Saturday, December 06, 2014

2014 is not 1964. But perhaps it could have been.

A device that lets you watch television programmes on a small screen while you are out and about? Hmmmm. I think I have one of those in my pocket right now.

(From the New Yorker, 7 November 1964. Right click to open in a new window to enlarge.)

Tuesday, December 02, 2014

"We check the charts / And start to figure it out"

It's December, so let's do this thing.

Ten of the Best

Last year's list was ridiculously long. This year, we can narrow it down to a comfortable ten. This is not to say there aren't other worthy records out there, whether it's the ones that require further digestion (Flying Lotus, Actress and Andy Stott, I choose you!), or the ones that can't be obtained in Canberra for love or money (The Juan Maclean and David Kilgour, I choose you!). But these are the ten albums that have resonated most with me over the course of the year, the ones that keep generating that itch that needs scratching. And, like the amplifier in "Spinal Tap", this list of ten goes up to 11.

"Morning Phase", by Beck.
"Our Love", by Caribou.
"High Life", by Eno - Hyde.
"Becs", by Fennesz.
"Held in Splendor", by Quilt.
"Atlas", by Real Estate.
"Entropicalia", by The Soundcarriers.
"They Want Your Soul", by Spoon.
"It's Album Time", by Todd Terje.
"Vermont", by Vermont.
"All Kinds of You", by Ryley Walker.

The one from 2013 that missed the cut but would have been a shoe-in

"Rival Dealer", by Burial.

Best new old music

"Volume 3", by The Cleaners from Venus.

The songs

"Rain", by Jimmy Tait, because it gets me where I live.
"Lights On", by FKA twigs, because it gets me where I, um, er, uh, ah, erm, it just gets me.

The book

I tend to react badly to novels about music (Nick Hornby, I choose you -- not!), but not this time. "Telegraph Avenue", by Michael Chabon, gets it exactly right. (Whatever "it" is.) It may not have come out this year, but I'm a slow reader.

The film

In any other year I would be saying "The Grand Budapest Hotel", but Jim Jarmusch's "Only Lovers Left Alive" is very special. Can we have both of them? (Shout-outs to "A Most Wanted Man" and "Calvary", while we're at it.)

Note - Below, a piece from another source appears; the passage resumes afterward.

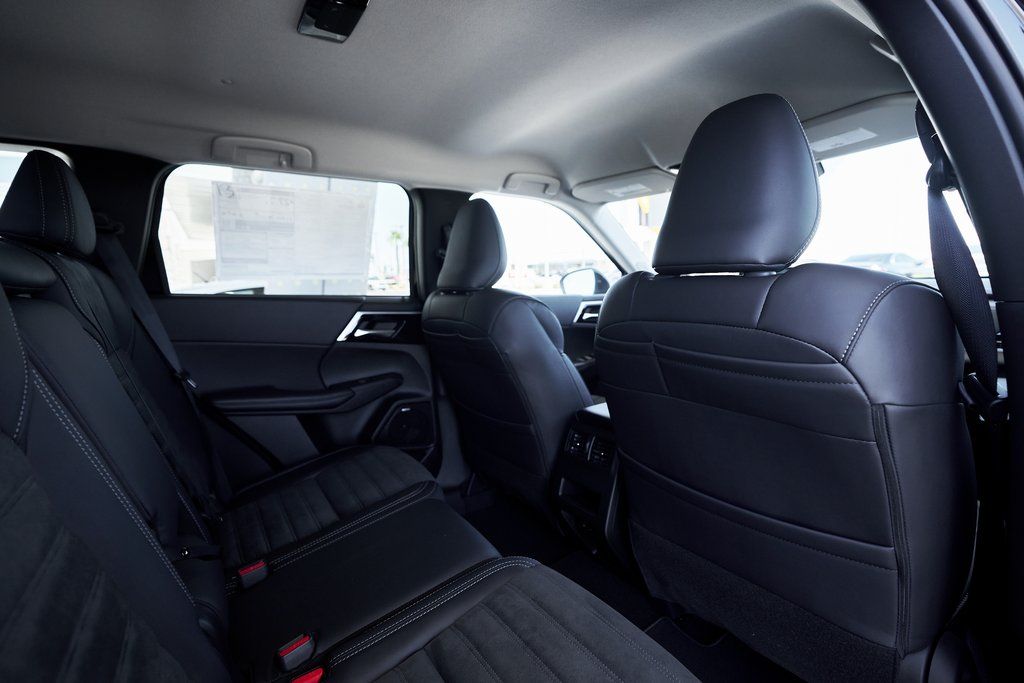 2025 Mitsubishi Outlander SE - Photo 25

Saturday, November 29, 2014

Song of the day

"Faith in Strangers", by Andy Stott.

This is a difficult one. Andy Stott's last album, "Luxury Problems" (them's the best kind of problems), was perfect in almost every way. His new album, "Faith in Strangers", runs a little harder on the abstract/experimental/oblique axis. Me being a primarily meat-and-spuds kind of guy, I am finding it a bit difficult to get my teeth into. In large measure, I can admire it a lot more than I find myself liking it. At least, at this early stage.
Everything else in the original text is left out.